Unfortunately, the tactic works.
18 members of Cuba’s Ladies in White resign over alleged infiltrator
By JUAN O. TAMAYO — El Nuevo Herald
MIAMI — At least 18 members have quit Cuba’s dissident Ladies in White in the eastern province of Santiago de Cuba. Top opposition leader Jose Daniel Ferrer has been accused of treating a black supporter like a slave. And Ferrer has split from his wife of 20 years.
The two most aggressive opposition movements in eastern Cuba appear to be going through a rough period in recent weeks, forced to deny serious allegations and even hanging up the phone on usually friendly Miami news media.
But dissidents say their troubles are the work of infiltrators from the State Security apparatus in the communist-ruled island, tasked with fueling the jealousies and rivalries that have long riven the opposition and creating new ones.
“It is very, very clear that all of this comes from people who have a job to do for the political police,” said Ferrer, who served eight years as a political prisoner, was freed in 2011 and is now one of the island’s most respected opposition activists.
The group he founded, the Cuban Patriotic Union, or UNPACU, is the most combative dissident faction in Santiago.
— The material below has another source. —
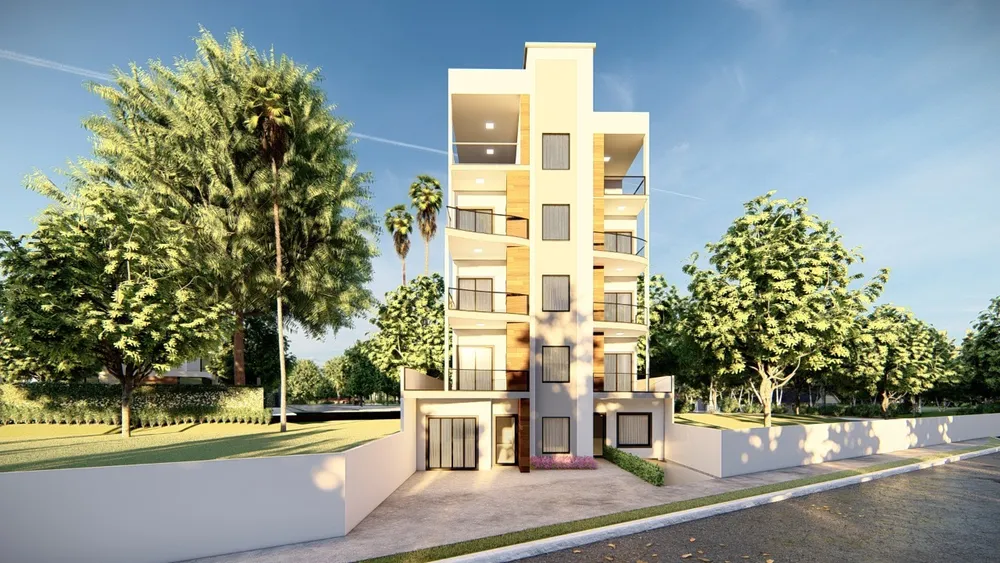 Apartamento, 3 quartos, 80 m² - Foto 1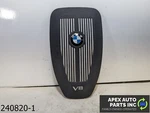 Oem 2007 Bmw X5 4.8L Plastic Engine Cover Used. Price: $79.99.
Earlier this year it forged a national alliance with Guillermo Farinas, winner of the European Parliament’s $67,000 Sakharov prize.
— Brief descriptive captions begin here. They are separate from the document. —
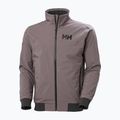 Мъжко яке Helly Hansen HP Racing Lifaloft Bomber за ветроходство sparrow grey 6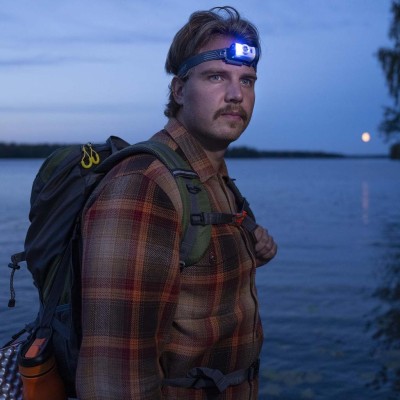 Atom - Pannlampa Angel Vit 100 lm - A16262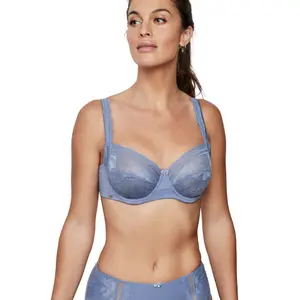 Soutien-gorge emboîtant confort armaturé femme Selmark Agatha image-2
Authorities meanwhile have repeatedly cracked down on the Santiago branch of the Ladies in White as they push to win the same right to stage public protests as their counterparts in Havana, who march along an avenue after Sunday Masses.
At the root of the split within the Ladies in White is a push by several members to expel a woman repeatedly accused of being a State Security infiltrator and inventing gossip about infidelities by the group’s members or their husbands.
Group leader Berta Soler in Havana acknowledged that she and Santiago leader Belkis Cantillo opposed expelling the woman during a June 18 meeting in Santiago because it would be essentially undemocratic to drive her out without hard evidence.
“We are learning each day how to live with infiltrators. It does not worry us,” Soler told El Nuevo Herald by phone from Havana. “We are not going to waste the time that must be used to continue working for human rights.”
In a statement issued June 30, Soler had declared: “We will not fall into the foolish game of you tell me and I tell you … There are no proofs that she is an agent … so she will continue being a member until it is proven.”